4 days in! 20 more to go. What shall I talk about today, I want to talk about Bollywood and my fascination with the movies (which frankly I think is part of everything I have ever written, fortunately or unfortunately), then there is the relationship with money, then the relationship with people. But literally as I wrote that last sentence down, I realised, let's talk about my relationship with myself.

A part of me doesn't want to and the other part of me doesn't know where to start. Let's begin by saying, I've only now begun to be somewhat comfortable with myself, what i want, who I am, how I am. Growing up in India is hard work. If you are a girl child, it is even harder. And I am saying this knowing fully well i am part of the lucky 2% of the population that actually has it good and easy. In spite of that, and having a loving childhood with parents that love me as much as they love my brother, being a girl was tough and is tough. It's the society we live in. The society that judges us every single minute of the day and the rules you are expected to oblige by, the respect you ought to show whether you feel it or not, the attire you need to wear and the attire you mustn't wear, the words you must utter and the words you most definitely can not.

Good for me, growing up I wasn't anywhere close to my many relatives or lived a quintessential "indian girl" childhood. The beauty about being an army child is that you move around a lot and you visit relatives only once a year for summer vacations and almost everybody else in the defence world is very broad-minded. So my mother never asked me how many of my friends are boys and how many girls, or if we were hanging out at someone's place post 6 pm in the evening if there were any boys or to not wear a particular dress or skirt because it was too short. I never got any of that from my parents. And neither did most of my other army friends.

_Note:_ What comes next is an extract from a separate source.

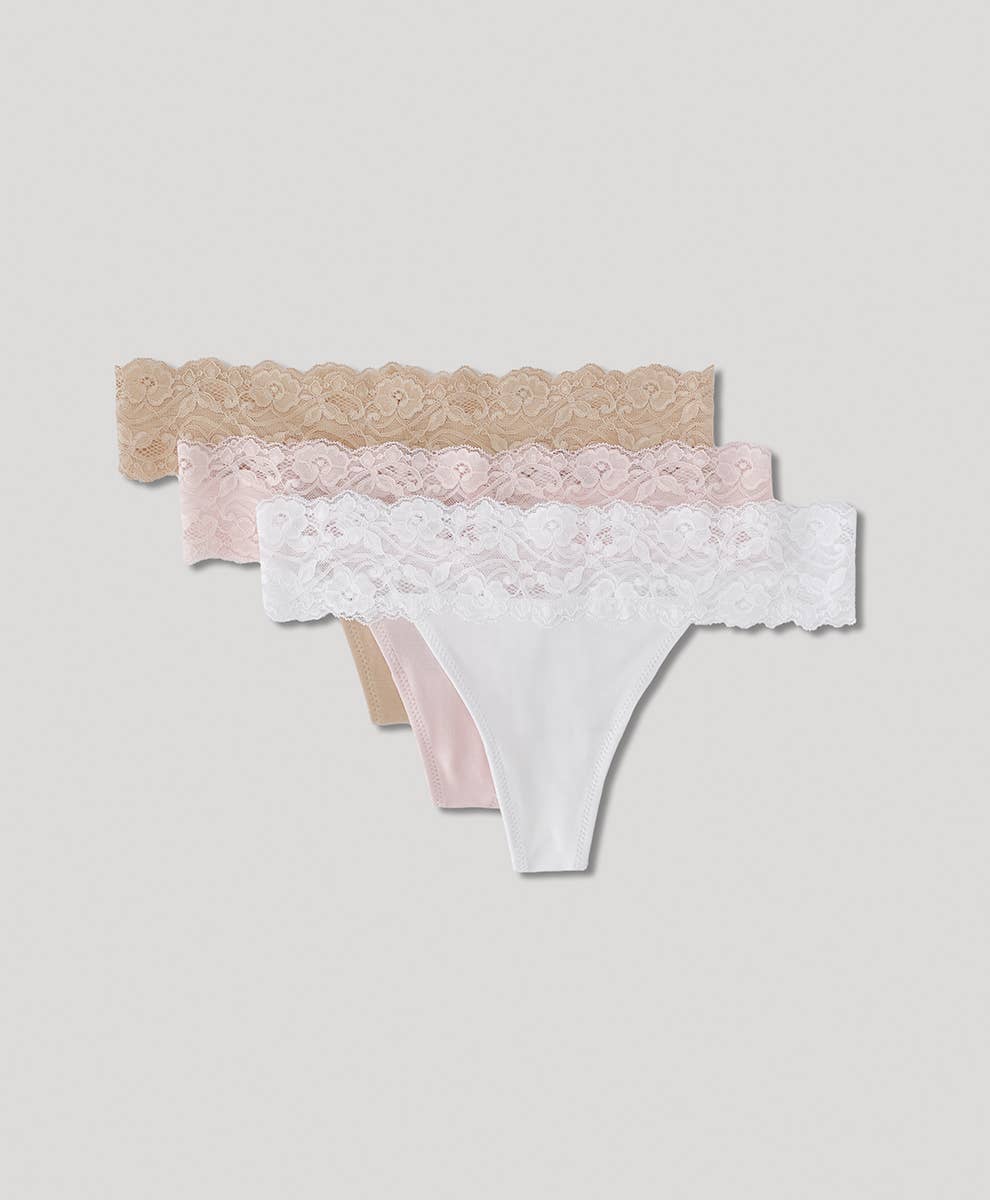 Pact - Women&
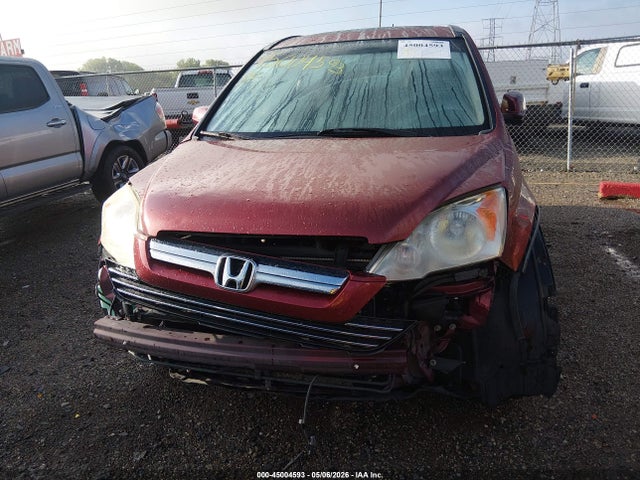 Aukcja sprzedaży 2007 Honda Cr-v Ex-l, vin: JHLRE38767C039540, numer aukcji: 45004593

But every time we went to Bangalore for vacations, there would be comments on how dark I was (which well being South Indian I would naturally be) or how plump I was or how my teeth were sticking out a certain way or how I should't wear that dress because when I sit it inches up a little and a little more of my thighs show or to pay utmost respect to a grandmother that treated me like I was shit. That and a lot more. "What will people say" and "How will you get married if you behave like this" are staple ways of reprimanding a woman or a girl when they are doing something deemed 'inappropriate' by the guardians of our pristine & honourable society.

I still remember, one summer holiday, we were visiting my grandmother in Coorg and sadly, I was always designated as the one who gets to sleep with her at nights. Yay. And when I was a child, I would lay in bed and bend my knees, place my feet on the bed and sleep - that's just how I slept, it was the most naturally comfortable position for me to be in. Bliss. Total. Except that whenever I did that my grandmother commented - is this how you will sleep when you get married, what will your husband think. I must have been 12-13 or 14 max, and I was already being coached on what my husband would think. I know this is a staple of many societies and India isn't particularly hateful towards it's daughters, but there was a recent report that named India as the most unsafe place for women. And what did the government in power currently do? It rejected that report and called it baseless and without data and that "perceptions change...."...that just because it is perceived to be unsafe doesn't mean it is actually unsafe. Hell yea. Anyway, i digress.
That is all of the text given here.